Lesson 14

This warm-up prompts students to compare the graphs of four quadrilaterals. It gives students a reason to use language precisely (MP6). It gives the teacher an opportunity to hear how students use terminology and talk about characteristics of the items in comparison to one another.

Arrange students in groups of 2–4. Display the graphs for all to see. Give students 1 minute of quiet think time and then time to share their thinking with their small group. In their small groups, ask each student to share their reasoning as to why a particular item does not belong, and together, find at least one reason each item doesn‘t belong.
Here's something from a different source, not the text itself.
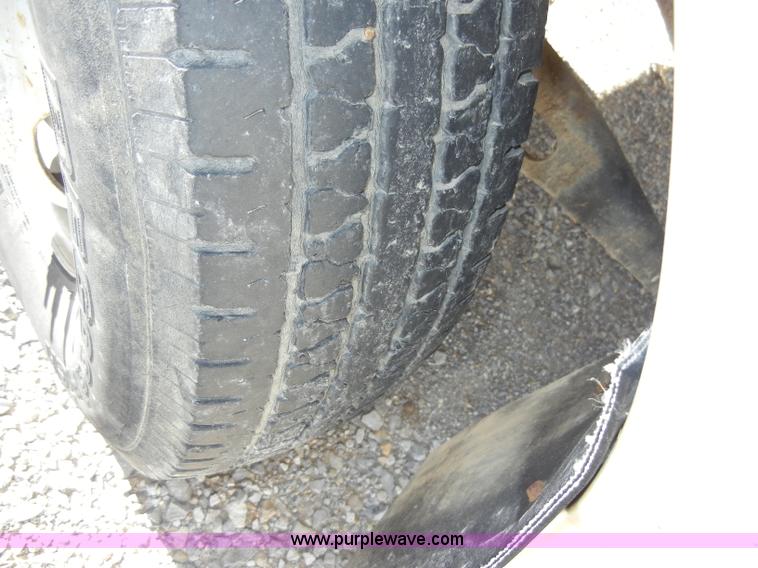 image for item A3385 1992 Ford F350 Custom pickup truck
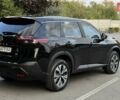 Ніссан Rogue 2022 у Дніпро (Дніпропетровську) на Automoto.ua Чорний Ніссан Rogue, об'ємом двигуна 1.5 л та пробігом 45 тис. км за 24800 $, фото 4 на Automoto.ua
Ask each group to share one reason why a particular item does not belong. Record and display the responses for all to see. After each response, ask the class if they agree or disagree. Since there is no single correct answer to the question asking which one does not belong, attend to students’ explanations and ensure the reasons given are correct.

During the discussion, ask students to explain the meaning of any terminology they use, such as equilateral or diagonal. Also, press students on unsubstantiated claims.

If possible, leave the list of responses displayed until the end of class. Students will return to these images during the lesson synthesis.

Students are presented with 4 points and asked to fully describe the quadrilateral with those vertices. Slopes will show that all pairs of adjacent sides are perpendicular, making the shape a rectangle. Then students will use the Pythagorean Theorem to calculate both area and perimeter.

Making dynamic geometry software available gives students an opportunity to choose appropriate tools strategically (MP5).

Make graph paper available to students who would like to use it.

Some students may state that the quadrilateral is a rectangle simply because it looks like one. Remind these students that we need to back up our reasoning with mathematics. Suggest students review their reference charts for definitions and properties of rectangles.

Invite students to share their reasoning for each question. Highlight students who carried information from one question to the next, such as recognizing that in a rectangle, opposite sides have equal length, so they only need to calculate 2 distances (rather than all 4).

Students observe that the angle formed by connecting endpoints of a diameter to a third point on the circle appears to be a right angle. They confirm that this is true for a few particular points, then write a conjecture. This conjecture will be generalized in an upcoming unit.

Monitor for different ways that students word the conjecture to highlight during the discussion. Listen for terms such as diameter, endpoints, right triangle, and right angle. The term chord will be defined in a subsequent unit. It is not necessary to define it here.

This activity works best when each student has access to devices that can use the embedded applet because students will benefit from seeing the relationship in a dynamic way. If students don’t have individual access, projecting the applet would be helpful during the synthesis.

Ask previously identified groups to share their conjectures. Challenge students to decide whether all the conjectures are saying the same thing, and if any of the conjectures need to be refined. Encourage students to respectfully disagree, ask for clarification, or point out contradicting information.

There are many ways to correctly word the conjecture. As students work to refine the wording, be sure that the word diameter is included, that it’s clear that 2 points are at the endpoints of the diameter, and that the third point is clearly somewhere else on the circle. Students may describe the result as 2 segments that form a right angle or 3 segments that form a right triangle.

Once the conjecture is finalized, ask students if they have proven it (they have not; they’ve just shown it’s true for a few particular cases). Tell students that we will look at a more general case of this assertion in an upcoming unit.